The Beginning
As I mentioned, Prey pretty much follows the plotline of the original incarnation of the game. You play Tommy, a Cherokee Native American who isn’t very happy. At the start of the game you see him in an unusual opening scene for an epic first person shooter - in the bathroom of a run down bar that’s about to close for the night. Tommy leaves the bathroom and encounters his grandfather just before entering the bar. Grandfather tells him he cannot resist his heritage any longer. Tommy doesn’t want to hear any of it. He wants to leave the Oklahoma reservation and pronto. The only thing that’s holding him back is Jen, the barkeeper. He finally enters the bar and tries to talk Jen to leaving with him but she refuses. She is a Cherokee and proud of it, and has no intention of leaving her home.
You might want to wander around the bar in the first level. As 3D Realms did in Duke Nukem 3D and later in Shadow Warrior the bar has a bunch of interactive elements, from a working jukebox that cranks out rock tunes from Ted Nugent and Heart among other bands, through a TV that has a couple of odd looking black and white films, to bar games like poker that you can actually play. There’s even an arcade game with a subject that is sure to please fans of Human Head’s first game.
Things get dicey when the last two people in the bar get fresh with Jen and Tommy (that’s you) breaks out the pipe wrench (Prey’s default weapon) to do some seriously bloody work on the offensive bar patrons. That’s nothing, however, compared to what’s about to happen next. An alien spaceship hovers over the bar and begins to fire green beams of light that teleport pieces of the bar and finally Jen, Grandfather and yourself up to the ship itself. That’s where the first level ends.

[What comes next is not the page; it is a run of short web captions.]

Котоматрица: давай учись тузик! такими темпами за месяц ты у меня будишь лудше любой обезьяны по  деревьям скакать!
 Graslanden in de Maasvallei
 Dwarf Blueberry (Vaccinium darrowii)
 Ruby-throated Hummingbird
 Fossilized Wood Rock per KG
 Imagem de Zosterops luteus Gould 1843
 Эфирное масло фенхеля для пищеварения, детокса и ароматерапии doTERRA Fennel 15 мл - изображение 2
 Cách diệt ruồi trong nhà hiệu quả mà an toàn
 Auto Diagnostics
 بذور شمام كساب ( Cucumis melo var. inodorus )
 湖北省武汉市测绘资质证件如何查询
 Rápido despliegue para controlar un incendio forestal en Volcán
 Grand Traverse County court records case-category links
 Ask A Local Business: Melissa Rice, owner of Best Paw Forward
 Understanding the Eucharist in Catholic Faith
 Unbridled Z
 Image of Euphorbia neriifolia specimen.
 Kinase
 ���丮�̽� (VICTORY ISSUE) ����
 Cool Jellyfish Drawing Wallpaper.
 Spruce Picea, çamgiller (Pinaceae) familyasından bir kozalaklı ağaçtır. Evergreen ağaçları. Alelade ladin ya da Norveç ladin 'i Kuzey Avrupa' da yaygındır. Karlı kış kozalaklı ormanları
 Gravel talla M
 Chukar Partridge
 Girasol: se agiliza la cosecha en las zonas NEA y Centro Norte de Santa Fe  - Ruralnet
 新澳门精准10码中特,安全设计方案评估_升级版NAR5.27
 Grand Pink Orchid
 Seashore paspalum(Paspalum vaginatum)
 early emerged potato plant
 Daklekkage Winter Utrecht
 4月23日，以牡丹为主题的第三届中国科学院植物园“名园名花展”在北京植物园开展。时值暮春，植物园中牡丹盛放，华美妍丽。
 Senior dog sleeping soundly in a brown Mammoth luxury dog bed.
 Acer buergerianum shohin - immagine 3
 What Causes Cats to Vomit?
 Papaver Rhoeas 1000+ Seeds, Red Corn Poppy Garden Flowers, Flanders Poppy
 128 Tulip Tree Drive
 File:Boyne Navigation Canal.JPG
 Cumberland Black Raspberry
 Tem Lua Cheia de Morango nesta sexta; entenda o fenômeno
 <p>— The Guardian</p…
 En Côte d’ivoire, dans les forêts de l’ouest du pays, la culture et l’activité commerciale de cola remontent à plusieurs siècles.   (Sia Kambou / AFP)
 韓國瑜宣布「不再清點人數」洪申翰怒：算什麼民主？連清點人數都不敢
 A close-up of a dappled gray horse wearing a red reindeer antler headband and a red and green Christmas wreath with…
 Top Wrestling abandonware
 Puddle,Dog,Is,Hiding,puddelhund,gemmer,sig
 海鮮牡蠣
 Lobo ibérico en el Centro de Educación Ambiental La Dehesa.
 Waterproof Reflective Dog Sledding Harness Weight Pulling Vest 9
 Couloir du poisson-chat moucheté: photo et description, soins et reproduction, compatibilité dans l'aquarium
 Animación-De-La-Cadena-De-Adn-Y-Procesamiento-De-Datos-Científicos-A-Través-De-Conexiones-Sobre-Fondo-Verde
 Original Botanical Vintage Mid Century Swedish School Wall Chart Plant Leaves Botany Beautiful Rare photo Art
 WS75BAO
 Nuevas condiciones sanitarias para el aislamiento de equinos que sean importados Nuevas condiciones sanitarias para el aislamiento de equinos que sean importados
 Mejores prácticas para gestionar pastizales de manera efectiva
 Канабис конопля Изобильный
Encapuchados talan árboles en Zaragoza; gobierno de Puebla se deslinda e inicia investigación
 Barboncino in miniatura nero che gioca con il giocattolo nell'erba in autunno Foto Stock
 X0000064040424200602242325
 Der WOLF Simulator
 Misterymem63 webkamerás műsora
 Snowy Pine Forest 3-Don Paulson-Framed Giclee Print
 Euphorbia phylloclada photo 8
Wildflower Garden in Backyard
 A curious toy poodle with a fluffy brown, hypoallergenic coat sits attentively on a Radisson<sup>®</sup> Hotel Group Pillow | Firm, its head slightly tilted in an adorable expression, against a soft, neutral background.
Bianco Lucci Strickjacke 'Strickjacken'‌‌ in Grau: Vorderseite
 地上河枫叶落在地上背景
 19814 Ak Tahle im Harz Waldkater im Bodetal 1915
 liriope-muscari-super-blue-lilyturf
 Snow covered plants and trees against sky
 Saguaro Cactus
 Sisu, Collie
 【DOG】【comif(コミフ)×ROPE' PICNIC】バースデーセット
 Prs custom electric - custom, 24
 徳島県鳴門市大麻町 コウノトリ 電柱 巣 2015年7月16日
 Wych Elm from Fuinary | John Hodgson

The second level begins as you find yourself locked in a conveyance on the vast alien ship, along with Jen and Grandfather. You are moved around to several locations in the conveyance and see some members of the unnamed alien race, which are indeed some of the most detailed and perhaps grotesque (but in a good way) aliens ever seen in a first person shooter. It looks as if you and the other humans are toast, but while moving around someone on the ship seems to be an ally of your cause. He manages to sabotage your particular cart and you fall into the bowels of the ship, while Jen and Grandfather are taken to another location. Armed at this point with your wrench you begin your quest to free your extended family. As the demo goes on through the rest of the single player potion, you encounter not just various types of aliens (both intelligent and animal) but also some weird space time warps, switching gravity in the ship itself and discover that maybe your Grandfather had it right all along and that your heritage may be the way to not just saving Jen but the entire human race.